→ Activity
All lines from the one with "this 1024×768 image." through the last are to be given again exactly as they stand in the data below, and only those.

-=-=-=-=-

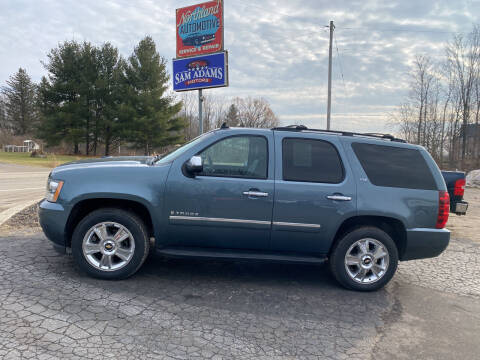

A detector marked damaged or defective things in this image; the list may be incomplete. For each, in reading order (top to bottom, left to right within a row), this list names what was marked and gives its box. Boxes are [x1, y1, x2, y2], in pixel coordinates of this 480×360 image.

cracked asphalt [0, 231, 478, 360]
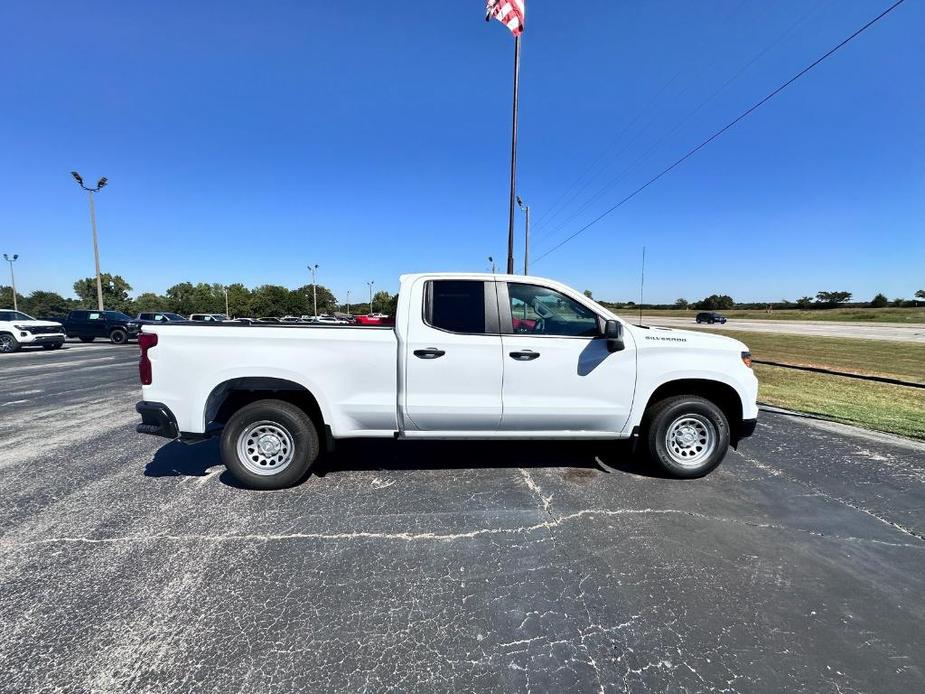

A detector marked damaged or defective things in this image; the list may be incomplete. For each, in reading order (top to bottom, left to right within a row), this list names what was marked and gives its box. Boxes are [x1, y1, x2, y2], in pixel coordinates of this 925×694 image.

cracked pavement [0, 346, 920, 692]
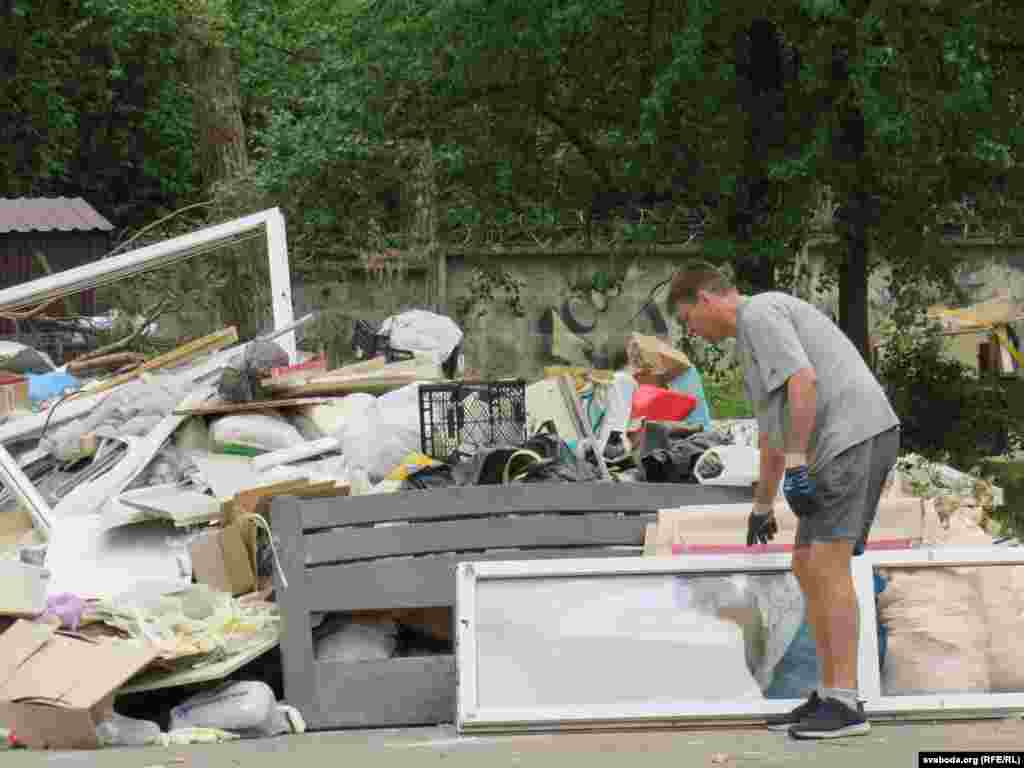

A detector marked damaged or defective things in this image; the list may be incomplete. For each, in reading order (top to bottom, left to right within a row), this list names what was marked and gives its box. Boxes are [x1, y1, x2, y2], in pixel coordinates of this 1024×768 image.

flood-damaged furniture [272, 484, 752, 728]
broken window frame [458, 552, 880, 732]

-=-=-=-=-

→ Written solution
A detector marked damaged or defective things in this image; the list may be incomplete. For each, in reading order (top to bottom, left to right within a row), this list names what was marked and gives its box. Boxes are [x1, y1, x2, y2], in pixel coordinates of this 1024×768 image.

flood-damaged furniture [272, 484, 752, 728]
broken window frame [458, 552, 880, 732]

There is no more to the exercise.